■ **Extracted data**:
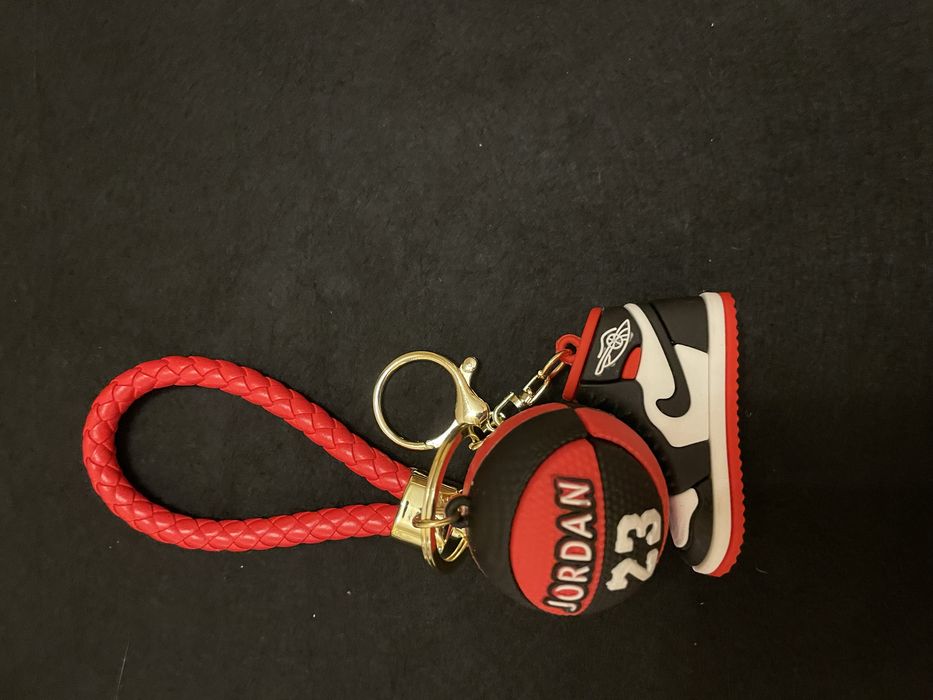 Brelok Bialo Czerwony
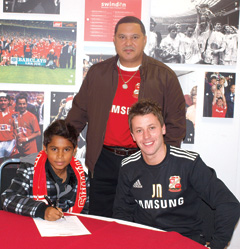 Sebastian Martinez signs with Swindon Cayman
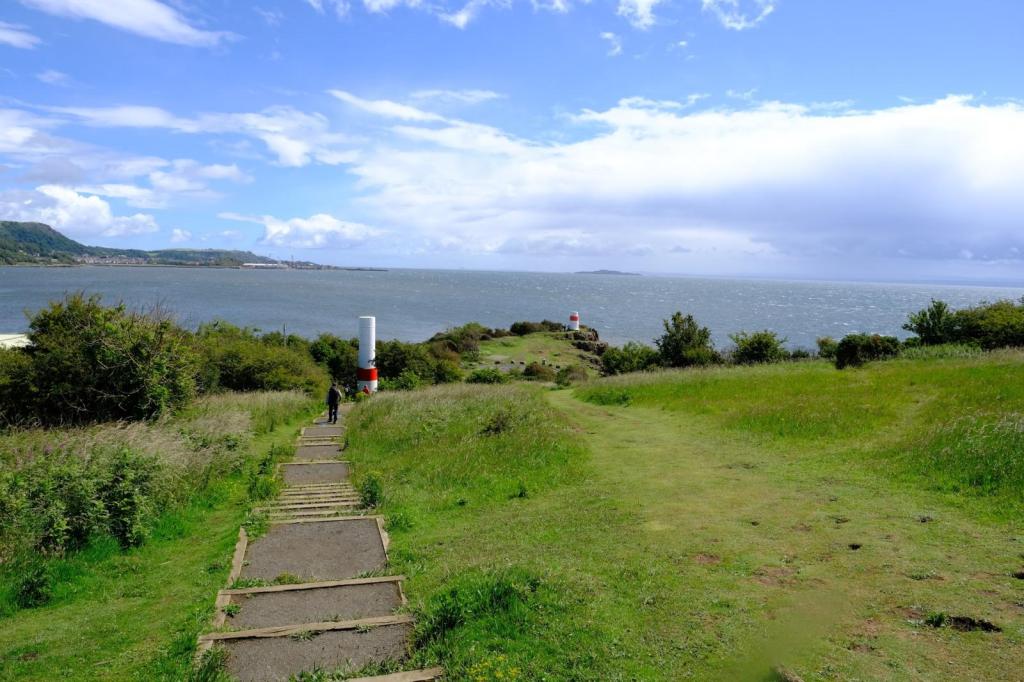 Najdłuższa piesza trasa nadmorska świata otwarta w Anglii. Ma ponad 4300 km i biegnie wzdłuż całego wybrzeża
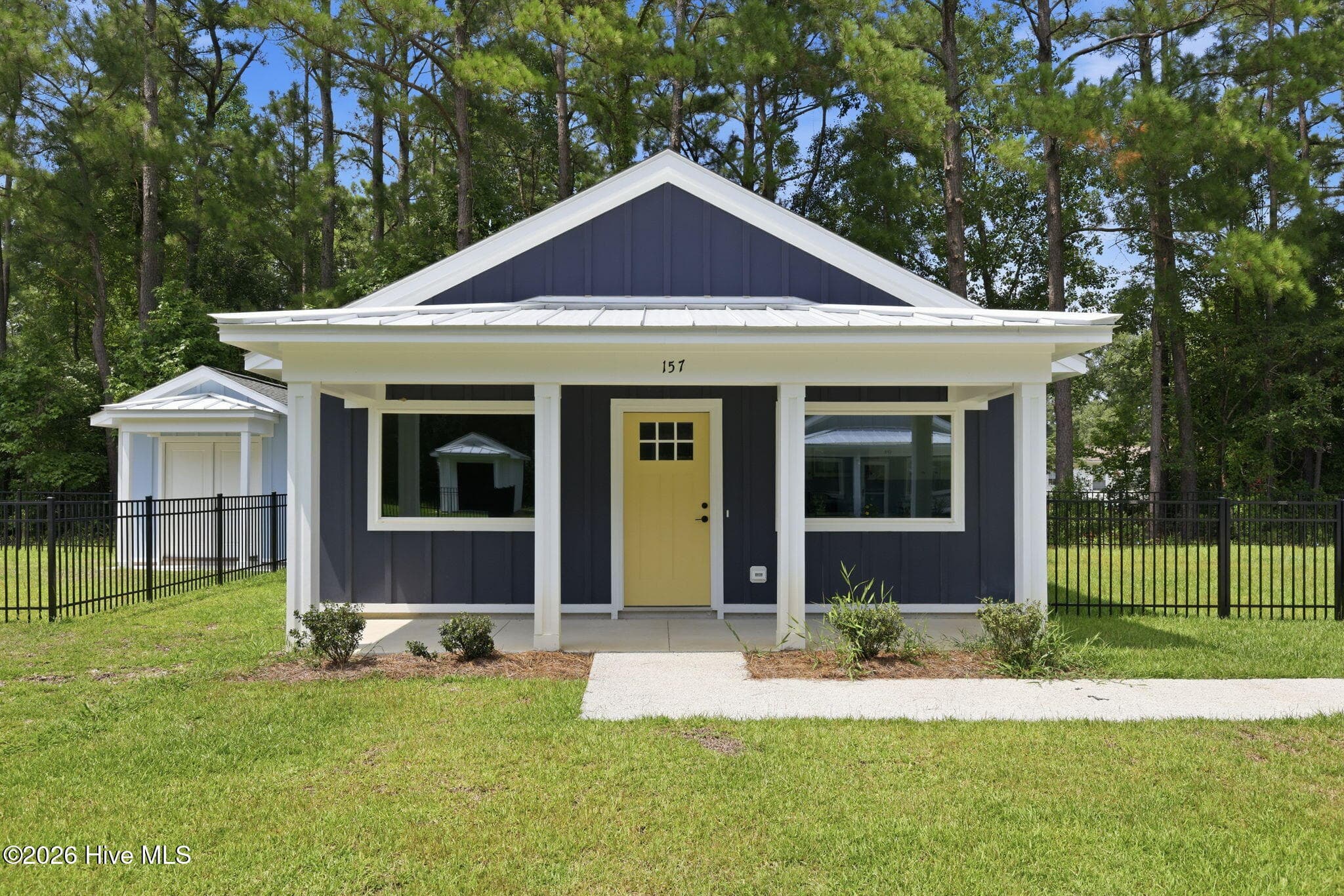 Condominium at 157 Long Pond Loop, Swansboro, NC 28584, photo 2 of 28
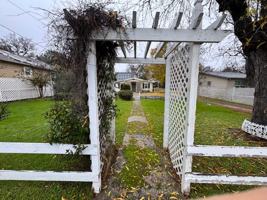 featured image of 2352 Shasta St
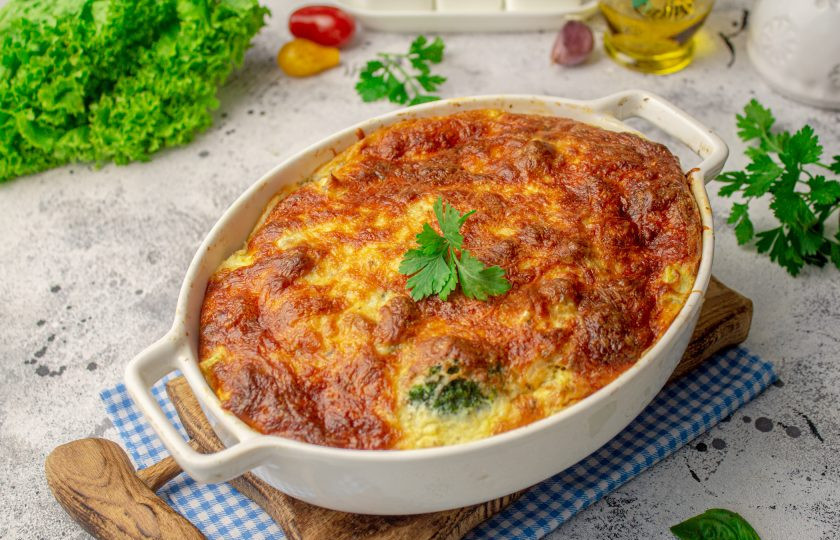 1. Этап. Запеканка из кабачков, брокколи и цветной капусты: Спустя время достаньте готовую румяную запеканку и дайте ей немного остыть.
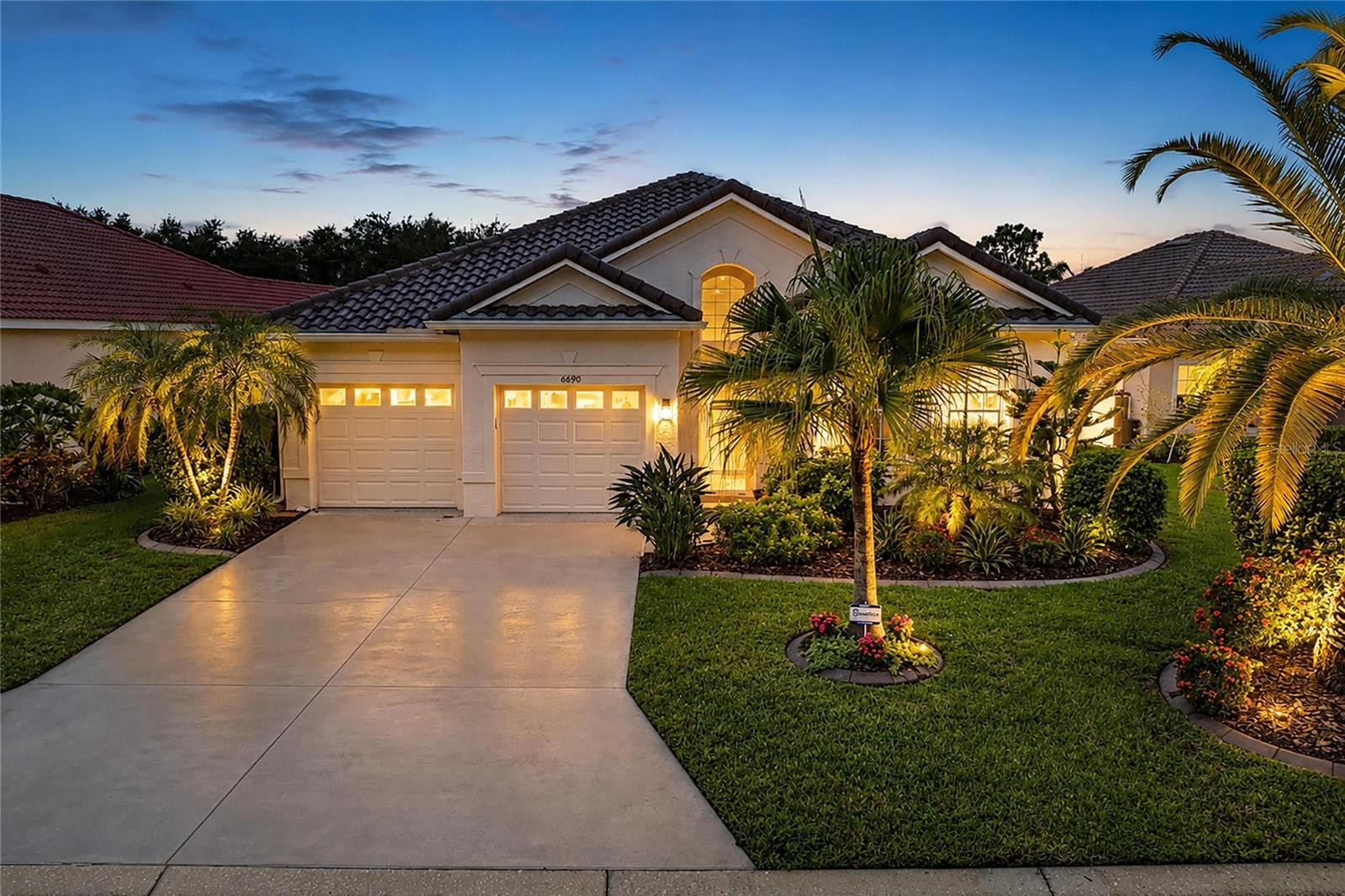 6690 TAILFEATHER WAY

■ **Task item**: Write out the whole listing exactly. Do not include the pictures.

■ **Reply to the exercise**:
 Brelok Bialo Czerwony
 Sebastian Martinez signs with Swindon Cayman
 Najdłuższa piesza trasa nadmorska świata otwarta w Anglii. Ma ponad 4300 km i biegnie wzdłuż całego wybrzeża
 Condominium at 157 Long Pond Loop, Swansboro, NC 28584, photo 2 of 28
 featured image of 2352 Shasta St
 1. Этап. Запеканка из кабачков, брокколи и цветной капусты: Спустя время достаньте готовую румяную запеканку и дайте ей немного остыть.
 6690 TAILFEATHER WAY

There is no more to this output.